Avec l’entrée en vigueur des premiers tarifs douaniers mardi dernier (4 mars), les États-Unis sont officiellement entrés dans une ère de protectionnisme. Étant leur 1er partenaire économique, on est aux premières loges pour en subir les conséquences négatives.
C’est un enjeu pour le moins vaste, je veux prendre le temps d’aborder avec toi les conséquences réalistement envisageables pour l’industrie du vélo de montagne au Québec.
***La situation change à chaque jour, après avoir corrigé 3 fois mon article, j’abandonne et te réfère à l’article suivant pour connaitre la situation actuelle de ce qui est sujet à des tarifs, de combien et quand.***
Je vais aborder:
- Les produits qui sont a risque d’être affectés chez nous
- Les compagnies canadiennes dont les ventes vont être affectées aux États-Unis
- Les conséquences sur la fréquentation des centres de vélo de montagne
- Combien de temps est-ce que ça peut durer?

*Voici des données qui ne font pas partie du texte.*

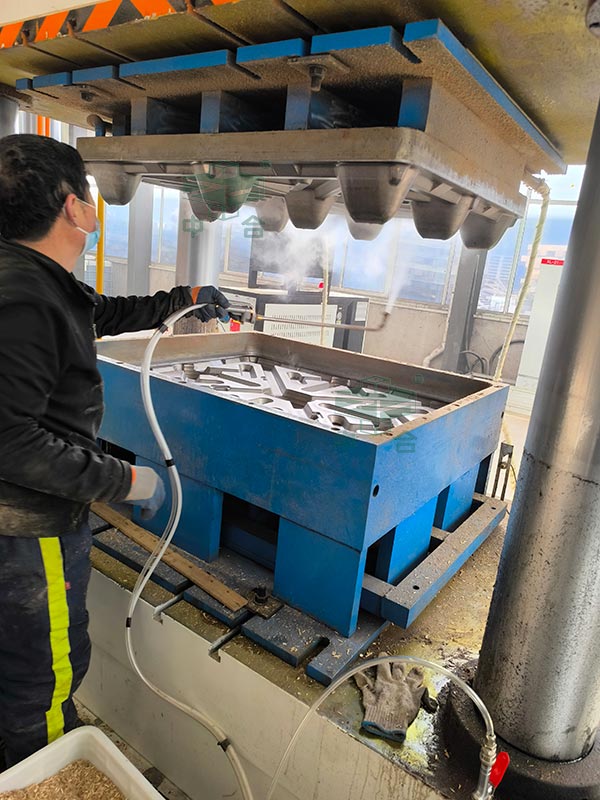 木屑托盤模具.jpg 木屑托盤模具.jpg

- Comment faire une différence
1 – Quels produits sont à risque d’être affectés chez nous?
Lw gouvernement fédéral n’a pas encore publié la liste des secteurs qui vont être affectés par la seconde ronde (2 avril) de tarifs canadiens (c’est ceux qu’on paie), mais le fédéral a déjà annoncé qu’ils toucheront un éventail beaucoup plus vaste.
Supposons donc qu’ils touchent les articles de sport, ils vont donc s’appliquer aux produits étant exportés à partir des États-Unis, ce qui va être un nombre plus limité que tu penses.
Voici pourquoi:
- La vaste majorité des éléments composant ton bike et les accessoires que tu portes sont fabriqués en Asie. 3 pays produisent presque tout: Taiwan, Chine et Vietnam.

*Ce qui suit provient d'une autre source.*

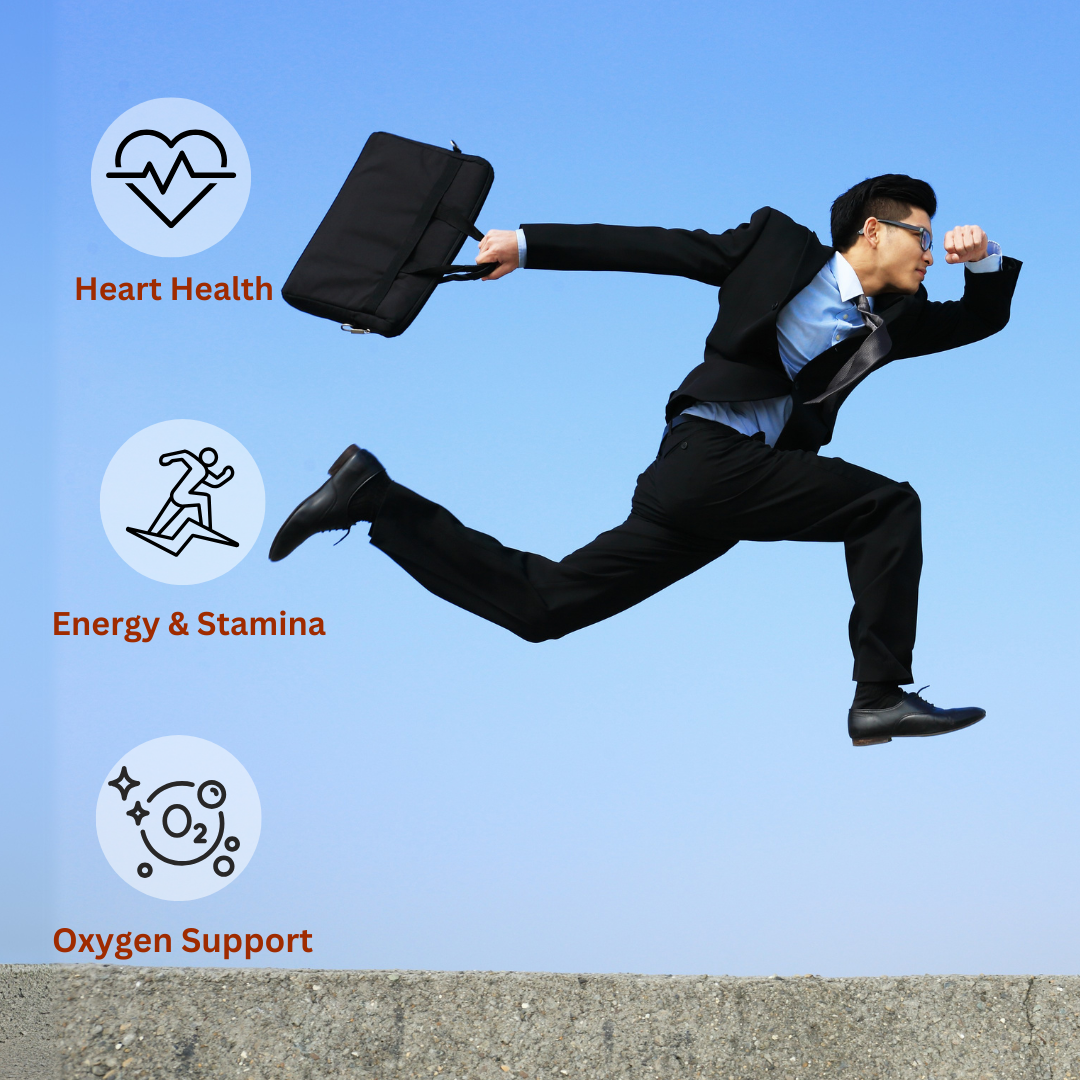 Lion’s Mane mushroom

Ils sont par la suite expédiés aux distributeurs nationaux directement (sans transiger par un autre pays). Les principaux distributeurs au Canada sont: HLC, Live to play (norco) et QBP. Il y a aussi plusieurs plus petits joueurs comme: Orange Sport Supply, Fox (propriétaire de Raceface et Ride Concept), S4 suspension, Outdoor Gear Canada, Lama Cycles, Lyncée, etc. - Certaines marques vont expédier aux bike shops canadiens à partir des États-Unis par simplicité (c’est souvent des entreprises originaires des États-Unis), mais ça va être relativement simple pour elles d’organiser un centre de distribution au Canada avec un 3PL ou de simplement faire affaire avec un distributeur canadien (mentionné plus haut).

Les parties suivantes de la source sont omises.